Rotas las negociaciones para la venta del Centro Gallego de Buenos Aires

El grupo médico ve inviable la compra con las condiciones impuestas por los socios


santiago / la voz

Las negociaciones en torno al Centro Gallego de Buenos Aires están rotas. Ha pasado un mes desde que los socios de esta emblemática institución aprobaron abrir contactos y las condiciones para una compleja venta a la sociedad formada por Favaloro, una fundación argentina vinculada a la medicina, y Grupo Ribera, del mismo sector pero con capital español. De esta forma se quiebra el optimismo mostrado por los cerca de 5.000 mutualistas -unos 700 gallegos- que apoyaron masivamente la negociación dirigida por el interventor judicial del Gobierno argentina, Martín Moyano. La otra opción era la liquidación de la entidad, con una deuda por encima de los 60 millones de euros, con la consecuente pérdida del monumental edificio, del servicio asistencial y, probablemente, la entrega en favor del Gobierno argentino -principal acreedor- del patrimonio artístico rubricado por primeras firmas del arte gallego.

Todo hay que enmarcarlo dentro de una negociación en la que la gestora del Centro Gallego se excedió, al parecer, en sus pretensiones. Según la Fundación Favoloro, estas condiciones, que incluían asumir toda la deuda, la asistencia al máximo nivel a los mutualistas, la contratación del personal actual, un pago mensual del 8 % de los ingresos por cuotas y la preservación de las salas culturales y del patrimonio en manos de los socios, están supuestamente «muy alejadas» de las conversaciones que mantuvieron en los meses previos, cuando se gestó la operación.

En una carta que llegó a la sede de Belgrano este martes, Favaloro muestra su «sorpresa» por unos requisitos que les invitan a romper cualquier contacto, extremo que confirmó a La Voz el consejero delegado del Grupo Ribera. Las negociaciones están «rotas», pero siguen abiertos a estudiar nuevas ofertas que se acerquen a su propuesta inicial, más comedida en la parte económica.
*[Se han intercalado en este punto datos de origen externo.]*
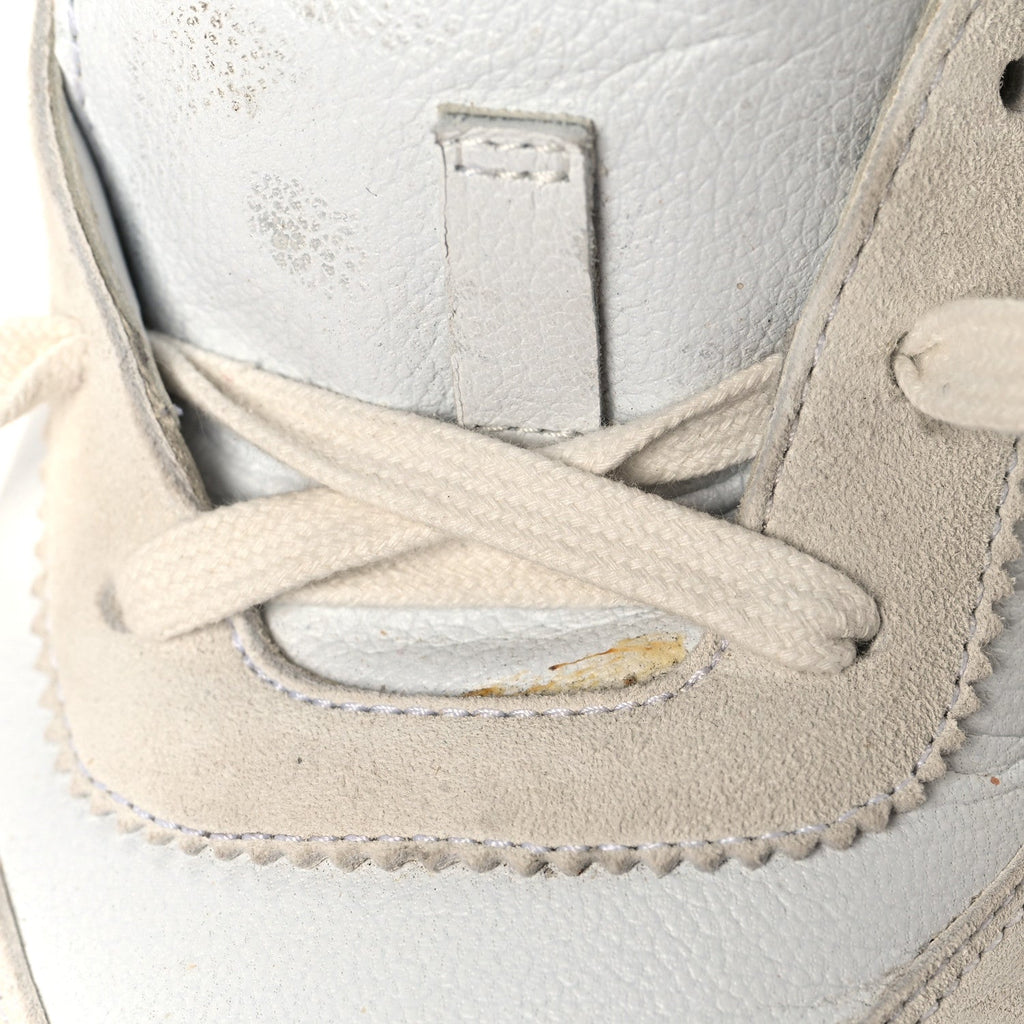 Calfskin Suede Goatskin Bouncing Sneakers 39 White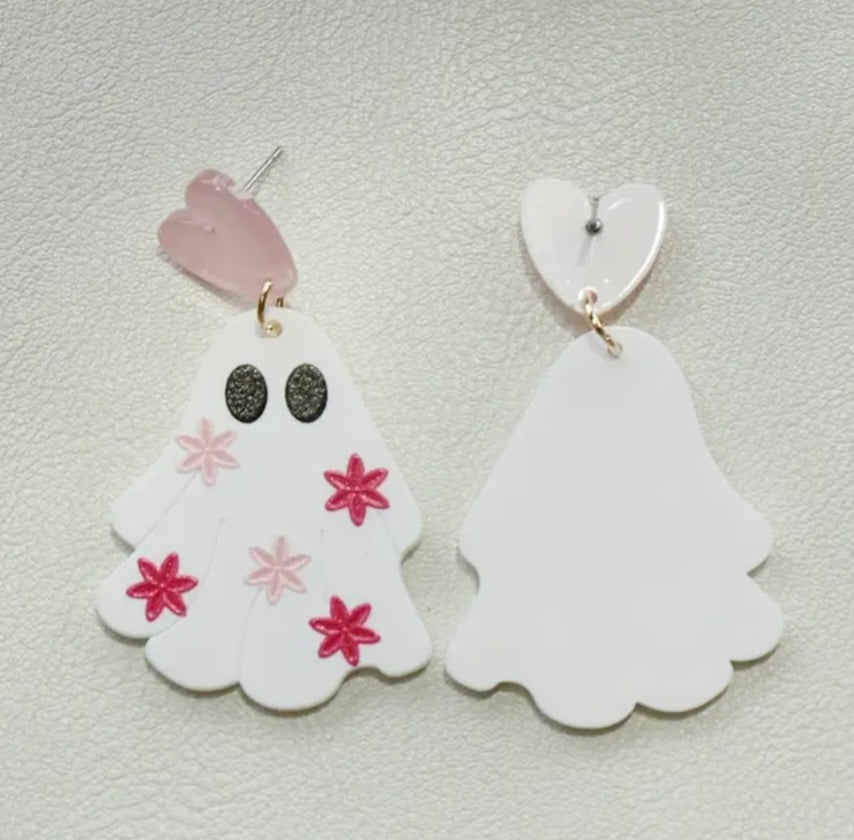 Acrylic Cartoon Ghost Pastel Pink Stars Design Halloween Heart Drop Dangle Earrings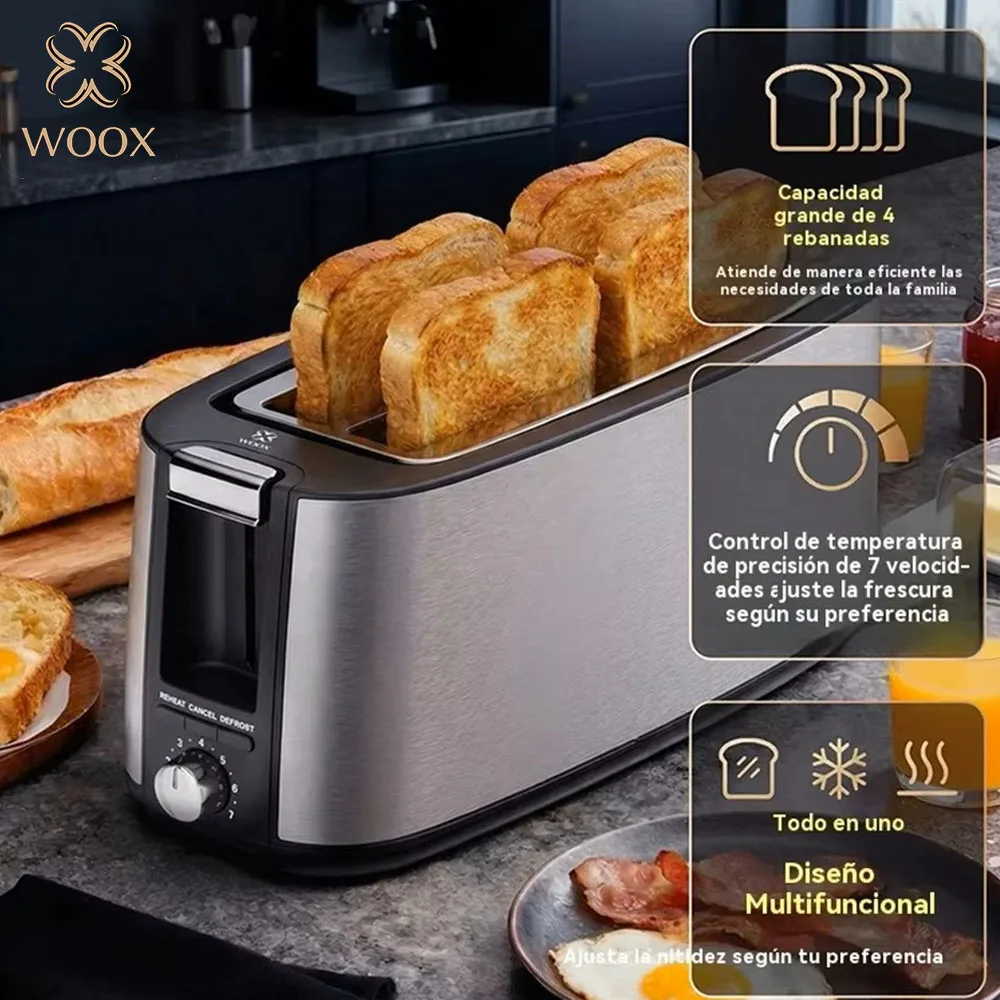 Tostadora eléctrica de pan de 1000W,7 niveles, para desayunos,4 rebanadas anchas,descongelación y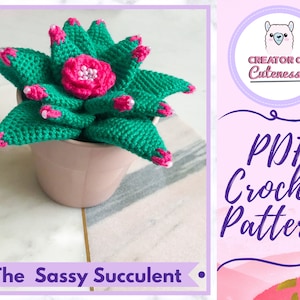 Modèle de plante au crochet : *The Sassy Succulent* Beautiful Succulent Plant Amigurumi Pattern [Téléchargement instantané PDF Crochet Pattern]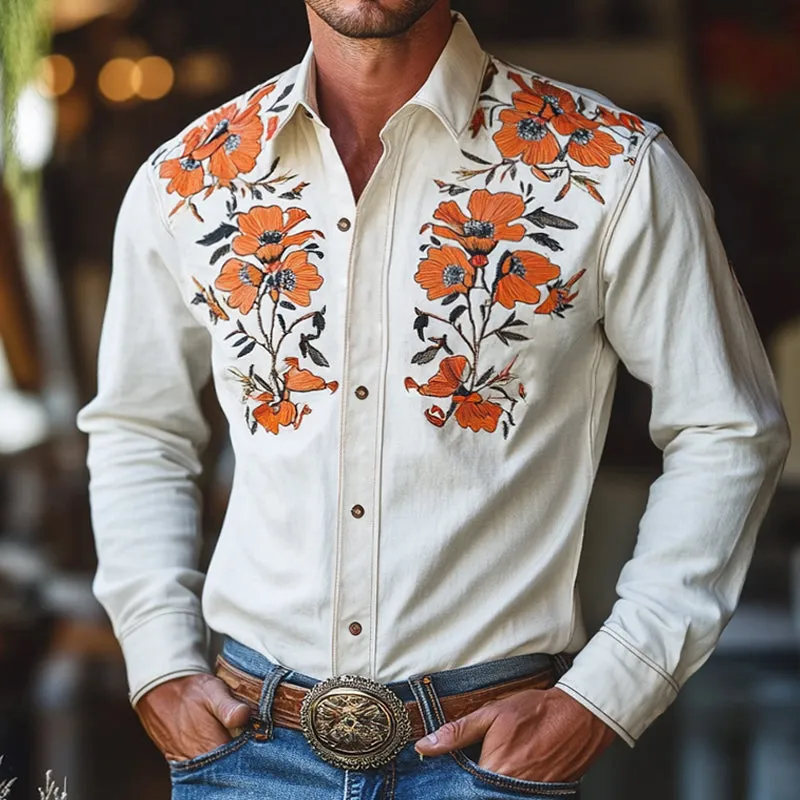 Men's Vintage Embroidered Lapel Long Sleeve Shirt 55928106TO sold by Manly product image thumbnail 2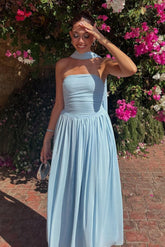 Charming A Line Strapless Blue Long Prom Dress With Scarf Formal Evening Gown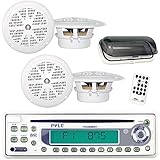 Pyle Marine Stereo Radio Headunit Receiver & Speaker Kit, MP3/USB/SD Readers, CD Player, AM/FM Radio, Single DIN, (4) Waterproof 5.25'' Speakers, Splash Proof Cover (White)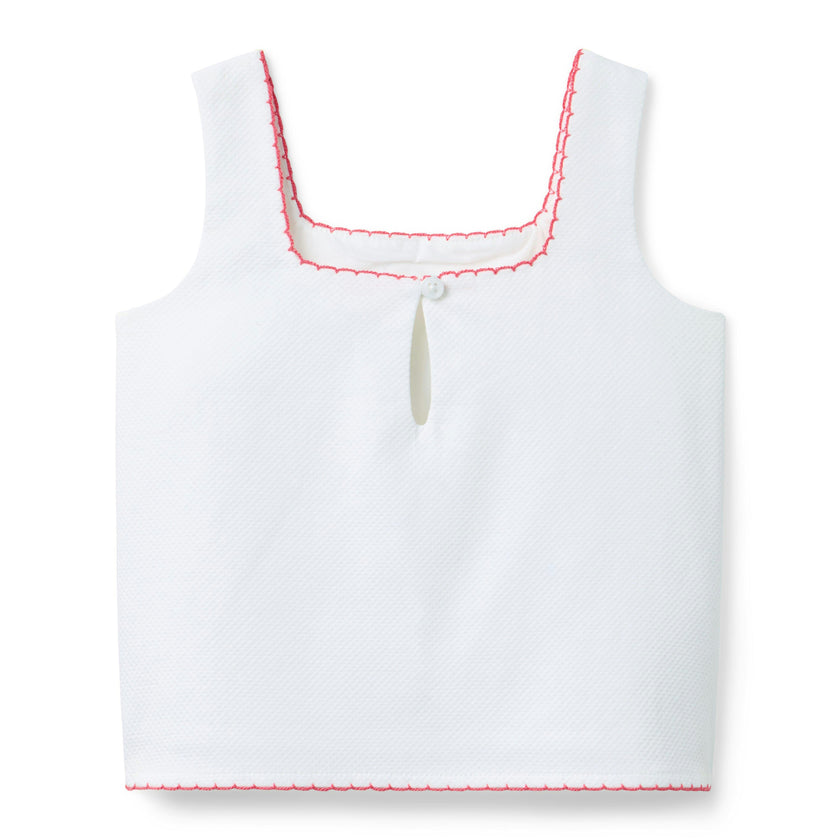 Embroidered Lobster Top, white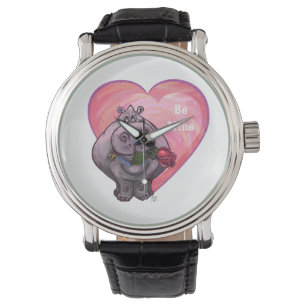 Hippopotamus Valentijnsdag Horloge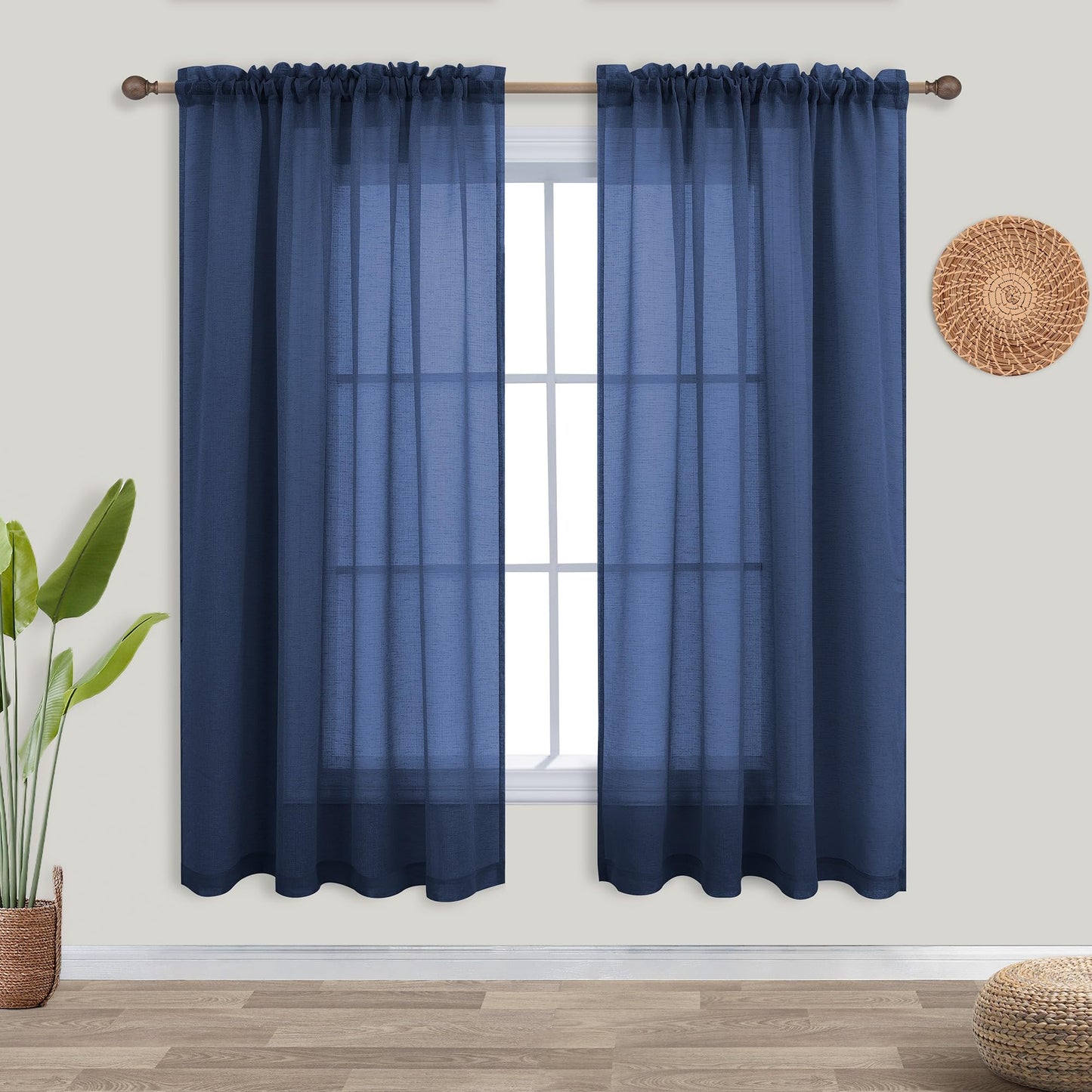 KOUFALL Navy Blue Sheer Curtains 63 Inch Length for Living Room 2 Panels Set,Kids Curtains for Bedroom Boys Room,Dark Blue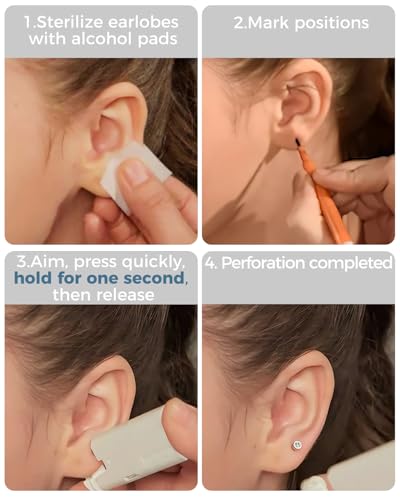 Ear Piercing Kit - Disposable Gun with 4mm CZ Studs, White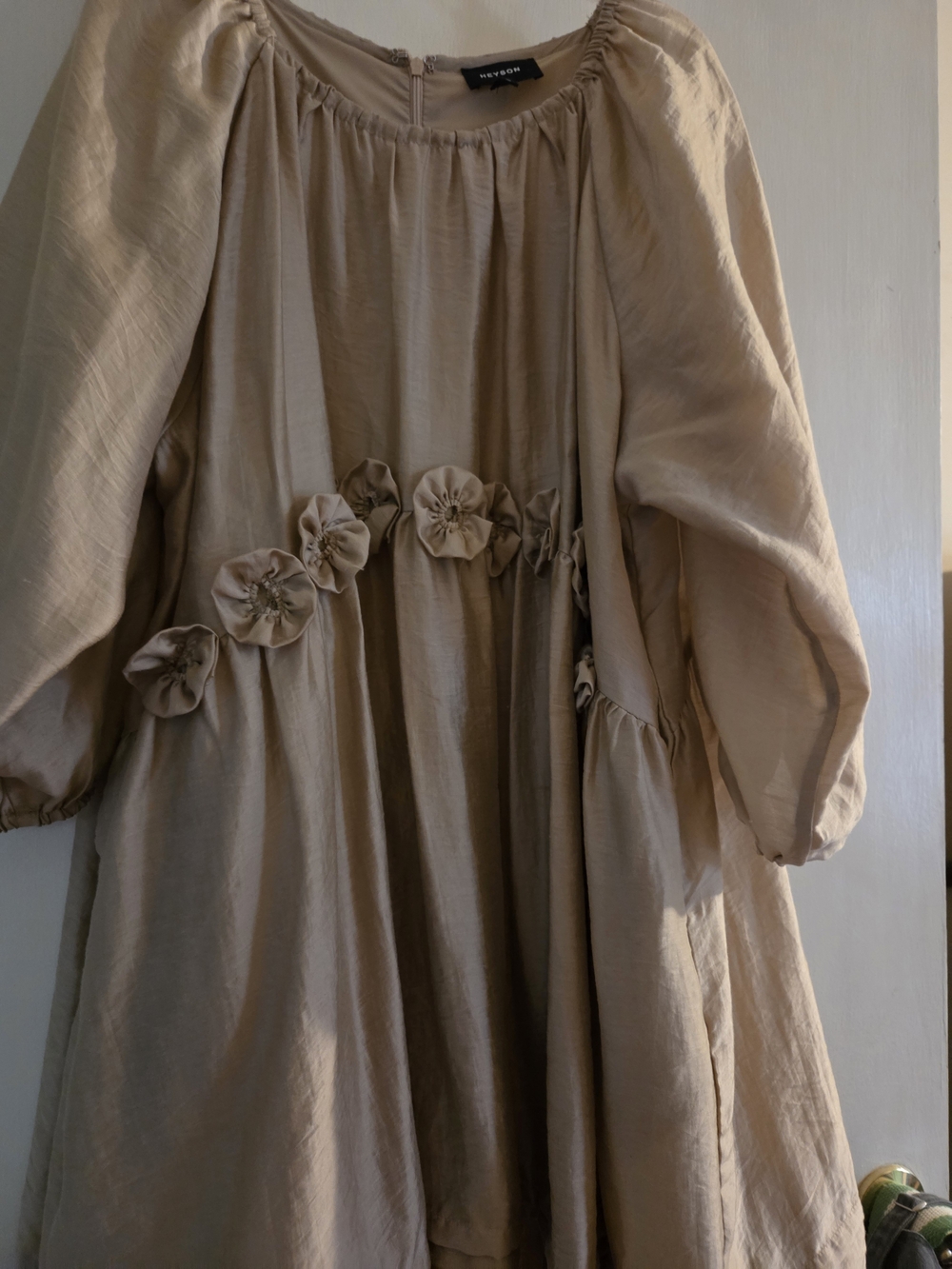 Oversized Floral-Appliqué Tunic in Neutral Beige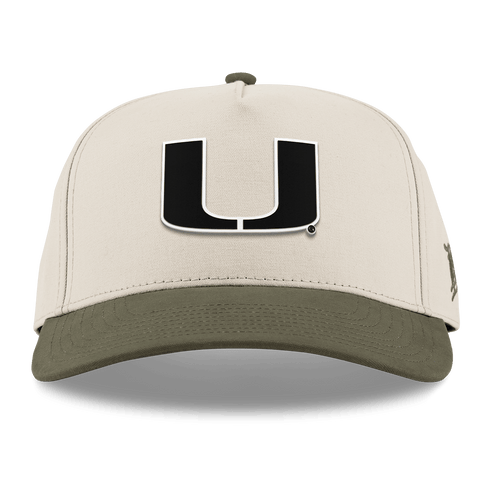 University of Miami "Vintage Miami Team Logo" Curved 5 Panel Canvas Beige/Vintage Loden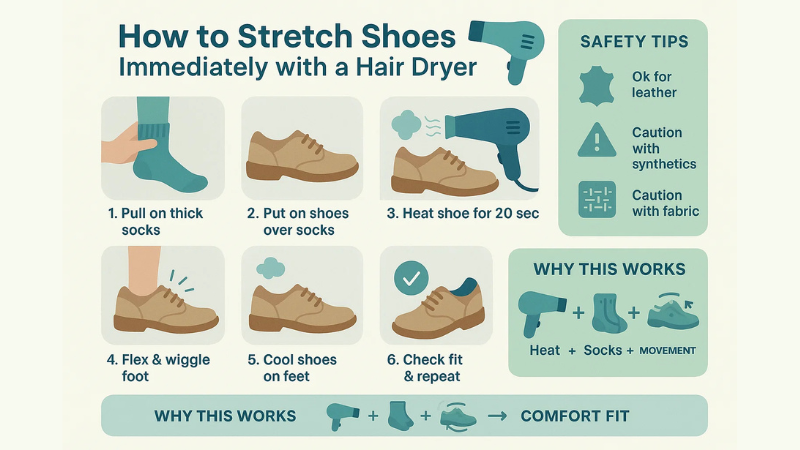 How to Stretch Shoes Immediately with a Hair Dryer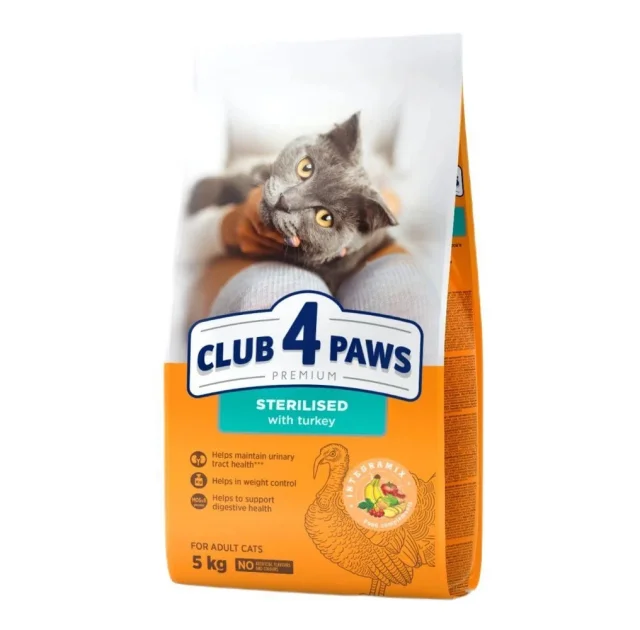 Сухой корм CLUB 4 PAWS Premium для кошек, для стерилизованных взрослых, с индейкой, 5 кг
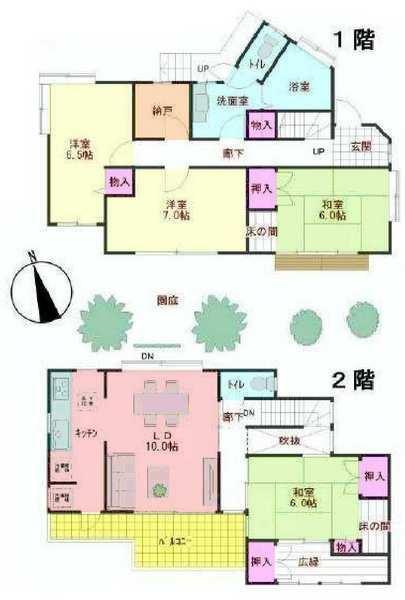 Floor plan. 26,800,000 yen, 4LDK+S, Land area 177.89 sq m , Building area 109.05 sq m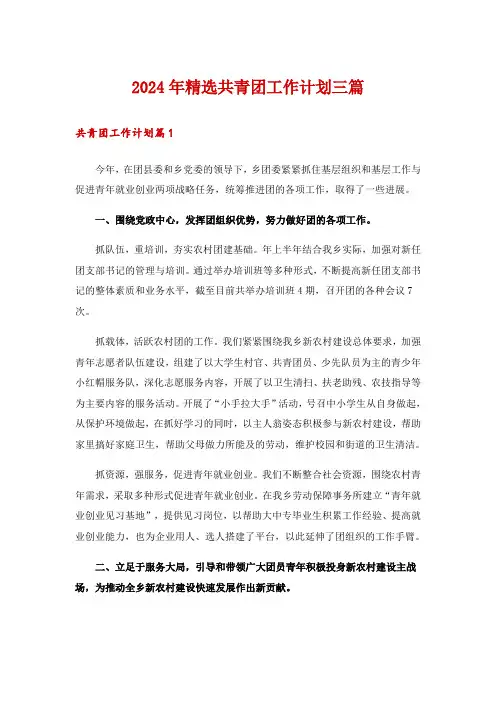 2024年精选共青团工作计划三篇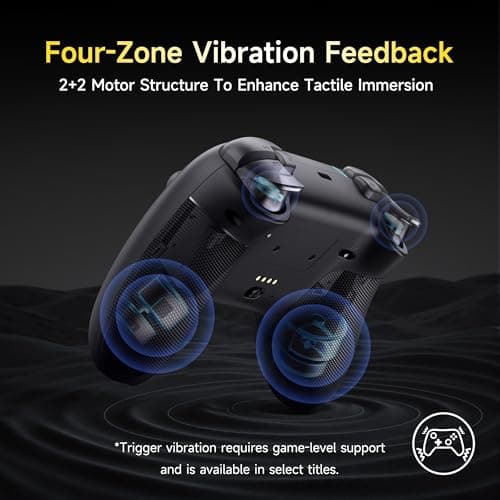 EasySMX X05 Pro Wireless PC Controller, Upgraded 2-Stage Triggers, Soft Click Buttons, Hall Joysticks, 1000Hz Polling, 8-Way D-Pad, 1000mAh Battery, Multi-Platforms Controller for PC/Switch/Android/iOS, Black — view 5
La liquidación pondría en riesgo un patrimonio de incalculable valor para Galicia

La complicada venta del Centro Gallego de Buenos Aires ha entrado en un punto delicado. Como en toda gran operación económica se suceden los tira y afloja, con la dificultad que entraña para una de las partes por el hecho de tratarse de una entidad con varios millares de socios que tienen que ponerse de acuerdo. Y además, está en quiebra técnica y no ha encontrado otro inversor para poner en tensión al grupo formado por Favaloro y Ribera. Si estos no van de farol y se retiran definitivamente, la liquidación de la entidad fundada por los gallegos de la emigración en 1907 está garantizada, y a la desaparición de los servicios sanitarios se sumaría la incógnita sobre el futuro del patrimonio artístico gallego.

Inversores

Pero si la operación se chafa no será por las obras de arte, por las que han mostrado su preocupación la Xunta y el Consello da Cultura Galega. Los inversores hispanoargentinos han aceptado de antemano que los socios puedan disponer de algunas salas del edificio para sus actividades culturales, y mantendrían el patrimonio acumulado por la emigración gallega. El problema, como siempre, es el dinero, porque Ribera está dispuesto a pagar 45 millones y a invertir incluso más en la adecuación del edificio, y asumiría sin problema la atención a los mutualistas, pero lo cierto que esa cantidad no daría para cubrir la deuda actual, por encima de los 60 millones. Si los socios siguen cargando con esa mochila de unos 15 millones, la entidad, ya sin respaldo inmobiliario, se vería en una situación muy comprometida.